The midfield legend ended his playing career in Japan after helping to launch the professional J.League in 1993 and he also coached the country’s national team from 2002 to 2006.
He maintains a connection to Japan as an adviser to Kashima Antlers, the club he helped build into the country’s most successful and where he has served as a player, coach and technical director for the past 30 years.
Photo: AFP
During that time, Zico has seen Japan grow from a soccer backwater to regular FIFA World Cup participants, with players thriving at some of Europe’s biggest clubs.
The 72-year-old says Japanese players looking beyond the J.League is a “positive” development — as long as they move at the right time.
He draws similarities with Brazil, where he says some players leave for Europe after only a handful of games in the domestic league.
“Brazilian players go to Europe too soon, losing their Brazilian roots. If a player isn’t resilient, they come back because they haven’t achieved their full potential there,” Zico told reporters in Kashima.
“They leave very early, they don’t play and that’s happened in Germany, it’s happened in Italy, it’s happened in many places,” he added.
“That’s what’s happening to many Japanese players — they go there too early, lack confidence and then they come back,” he added.
Zico said that the trend is still overwhelmingly beneficial for Japan.

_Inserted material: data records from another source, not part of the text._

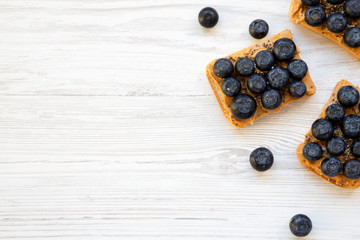 Vegan toasts with peanut butter, blueberries and chia seeds on a white wooden surface, top view. Healthy eating. Flat lay, from above. Space for text.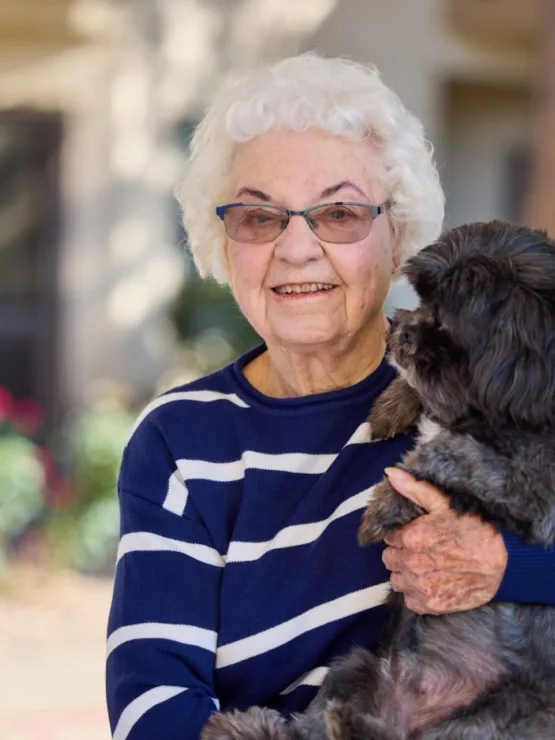 A smiling resident enjoying quality time with a furry friend in a vibrant, welcoming setting.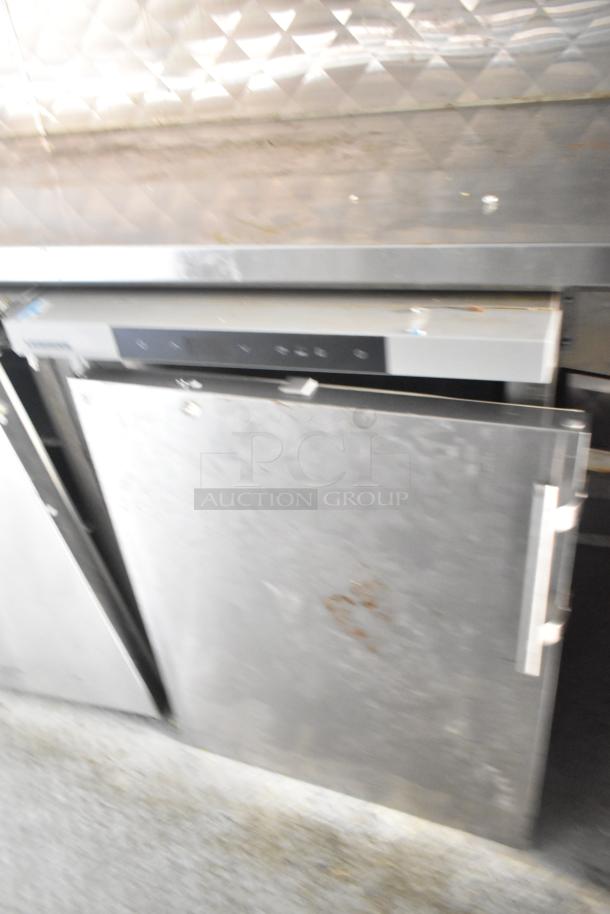 Stainless steel commercial dishwasher with digital control panel, showing signs of wear and rust on the door.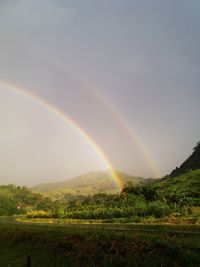 Scenic view of rainbow against sky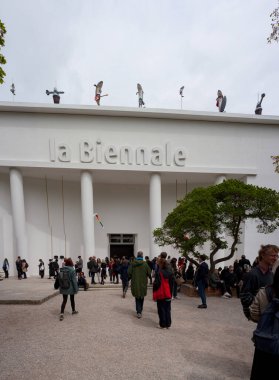 Venice, Italy - April 20: Visitors at the Giardini during the 59th International Art exhibition of Venice biennale titled The Milk of dreams on April 20, 2022 clipart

He contrasts the situation to the early days of the J.League, when European clubs would sign Japanese players “for marketing reasons.”
Zico says the picture today is also different from his time as Japan coach, during which he won the 2004 Asian Cup and took the team to the 2006 World Cup.

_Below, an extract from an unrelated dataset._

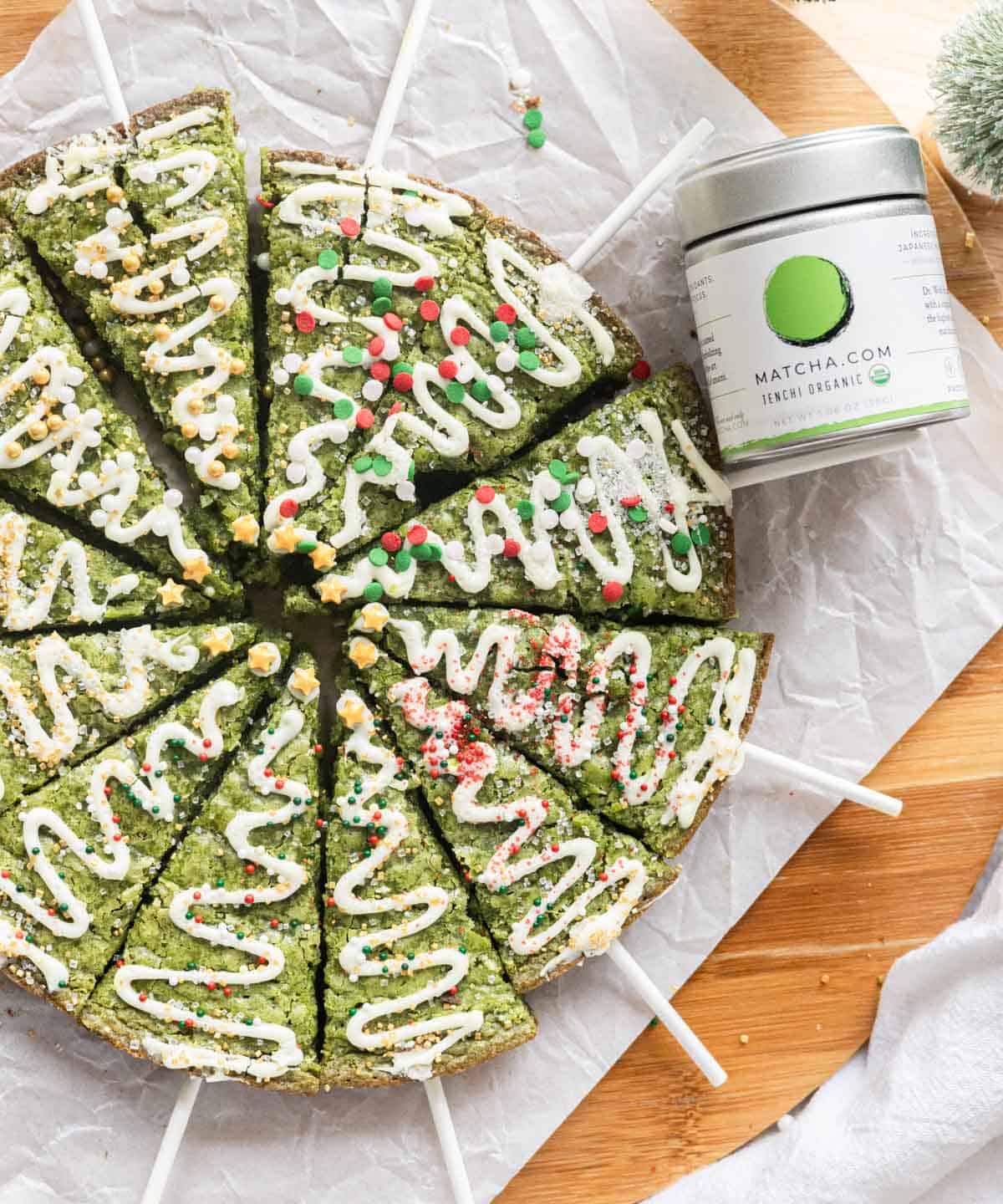 Matcha brownies decorated as Christmas trees using melted chocolate and sprinkles.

“We had some players in Europe, but they would get half an hour, five minutes, 15 minutes in games — they weren’t starters like they are today, that’s the big difference,” he said. “So when they came back to play for the national team they didn’t bring the same playing rhythm that they have today.”
Zico was one of several international stars drafted in to help the launch of the J.League, which brought professional soccer to Japan for the first time.

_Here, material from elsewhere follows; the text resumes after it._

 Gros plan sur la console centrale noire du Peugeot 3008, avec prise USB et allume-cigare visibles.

The Brazilian, along with England’s Gary Lineker and Germany’s Pierre Littbarski, raised the new league’s profile and helped the sport take root in a country long obsessed with baseball.
High-profile signings are now rare in the J.League, with Spanish World Cup winner Andres Iniesta’s move to Vissel Kobe in 2018 a notable exception.
Zico believes it was “not a coincidence” that Kobe won two straight J.League titles after Iniesta left the club in 2023.
“It’s an investment. Having a player of Iniesta’s level at your club motivates everyone,” he said. “You learn because he’s a winner, it improves the performance of the other players and it motivates the supporters. Everything grows.”
Kashima are atop the J.League, even if the days when they could sign Brazilian World Cup winners like Jorginho and Leonardo are long gone.
Zico joined the club when they were in the semi-professional second division and they have since won the J.League a record eight times and the Asian Champions League once.
Zico visits Kashima regularly to interact with fans and sponsors, as well as working with the club’s youth section.
He said that the club is “like my son.”
“I watched it being born, grow and become what it is now,” he said. “We have been able to take my experience in professional football and put it into practice here. A son is like that — you educate him and watch him go through life.”